There is limited information available on targeted drug discovery efforts for CCDC74A, as it is a relatively newly discovered gene. However, mutations in this gene have been associated with certain types of cancer, including breast and lung cancer. This suggests that targeting CCDC74A may be a potential strategy for cancer treatment. Currently, there are no drugs on the market that specifically target CCDC74A. However, there are several drugs that target other proteins involved in cell division, such as mitotic inhibitors and cyclin-dependent kinase inhibitors, which may indirectly affect CCDC74A function. Further research is needed to fully understand the role of CCDC74A in cancer and to develop targeted therapies for this gene.

CCDC74A is a human gene that encodes for a protein called coiled-coil domain containing 74A. This protein is involved in the regulation of cell division and is expressed in various tissues throughout the body. Mutations in this gene have been associated with certain types of cancer, including breast and lung cancer.

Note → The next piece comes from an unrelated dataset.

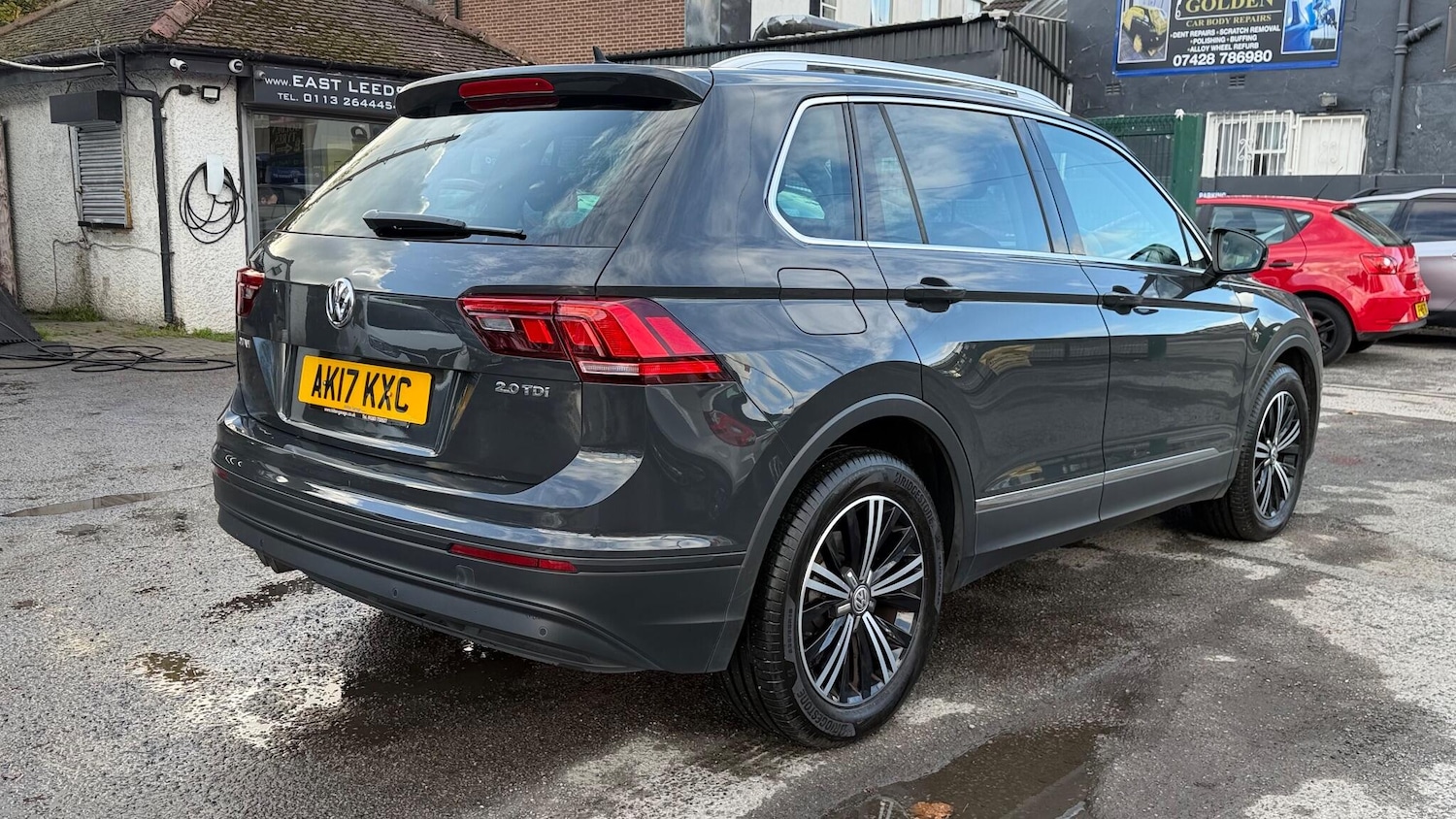 Used Volkswagen Tiguan 2017 for sale - 76389996: Photo 3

Additionally, CCDC74A has been shown to interact with other proteins involved in cell division, suggesting that it may play a role in the development and progression of cancer. Further research is needed to fully understand the function of CCDC74A and its potential as a therapeutic target for cancer treatment.

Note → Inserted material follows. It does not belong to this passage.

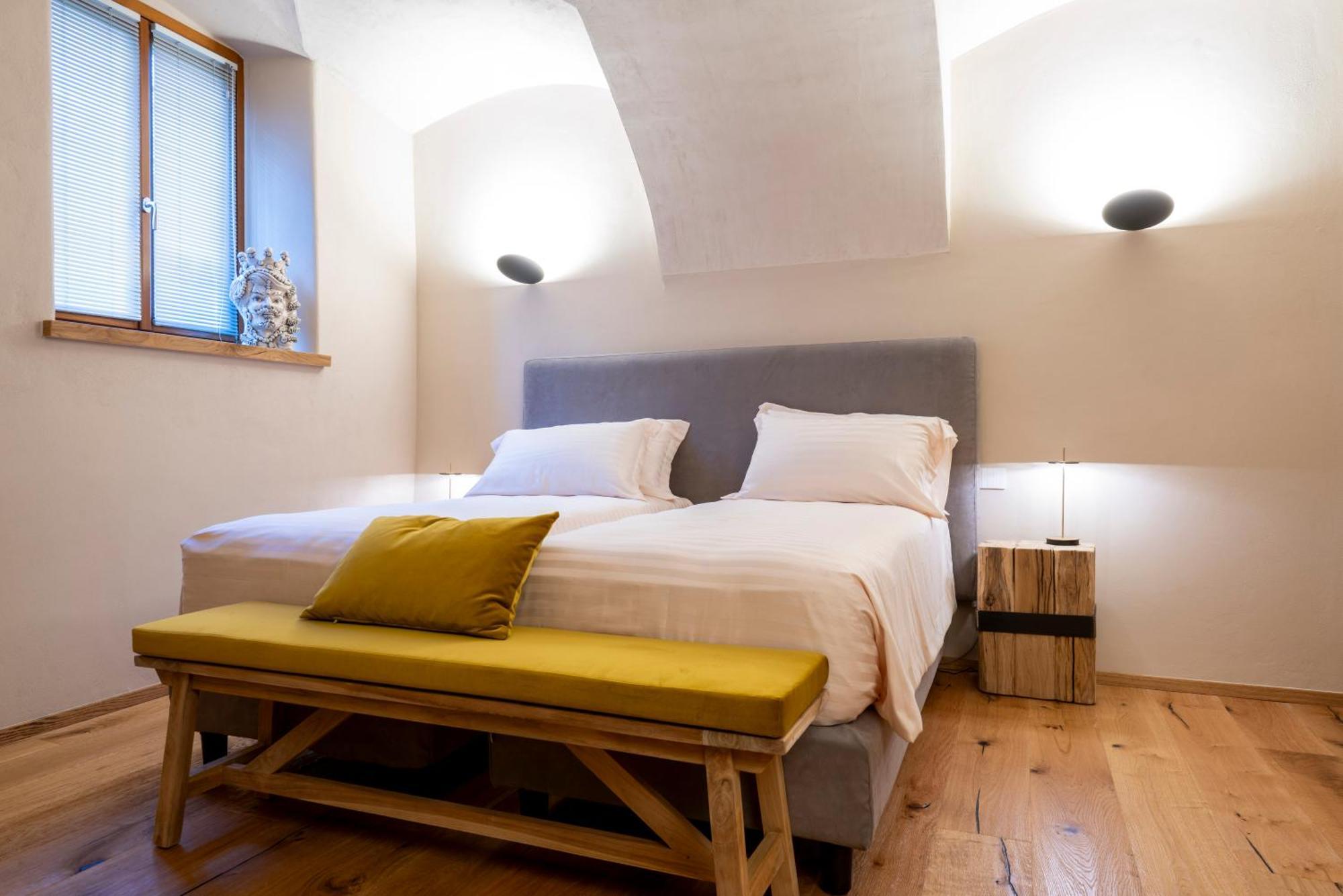 Relais Villa Carrara Villa di Serio Eksteriør bilde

The New Version (ChatGPT-5)

CCDC74A encodes a coiled-coil domain-containing protein, a structural motif commonly involved in oligomerization and assembly of cytoskeletal or scaffolding complexes. Although its precise molecular partners are not fully defined, CCDC74A localizes to centrosomal or spindle-associated regions in some studies, suggesting a role in mitotic spindle organization, chromosome segregation, or microtubule dynamics. By contributing to the architecture of protein complexes that coordinate cell division, CCDC74A may influence proliferation, genome stability, and cell fate decisions in dividing cells.

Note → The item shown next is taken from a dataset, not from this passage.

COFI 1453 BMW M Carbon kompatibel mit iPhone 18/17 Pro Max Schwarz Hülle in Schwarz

The disease implications of CCDC74A are still being uncovered, but altered expression has been reported in certain cancers, where it may support uncontrolled proliferation or chromosomal instability. Disruption of spindle- or centrosome-associated proteins often leads to aneuploidy and tumor progression, making CCDC74A a potential contributor to oncogenic cell cycle phenotypes. No approved drugs directly target CCDC74A, yet tumors that depend on its function may be particularly sensitive to microtubule-targeting agents or mitotic checkpoint inhibitors already in clinical use. As functional genomics clarifies its role, CCDC74A could emerge as a biomarker or vulnerability in specific cancer subtypes.

Google Gemini’s Review:

Verdict: The New Version (was provided as version A) is far superior.

It provides a well-structured, scientifically precise explanation, offering specific mechanistic insights into CCDC74A’s role in centrosomal localization, spindle organization, and microtubule dynamics. Instead of relying on vague statements about “cell division,” version A uses accurate terminology to connect the protein’s coiled-coil structural motif to its functional biology. Furthermore, verison B is poorly organized—placing drug discovery before basic function and repeating the exact same point about breast and lung cancer in both paragraphs. Version A flows logically from molecular function to disease implications, correctly identifying how chromosomal instability relates to existing microtubule-targeting therapies.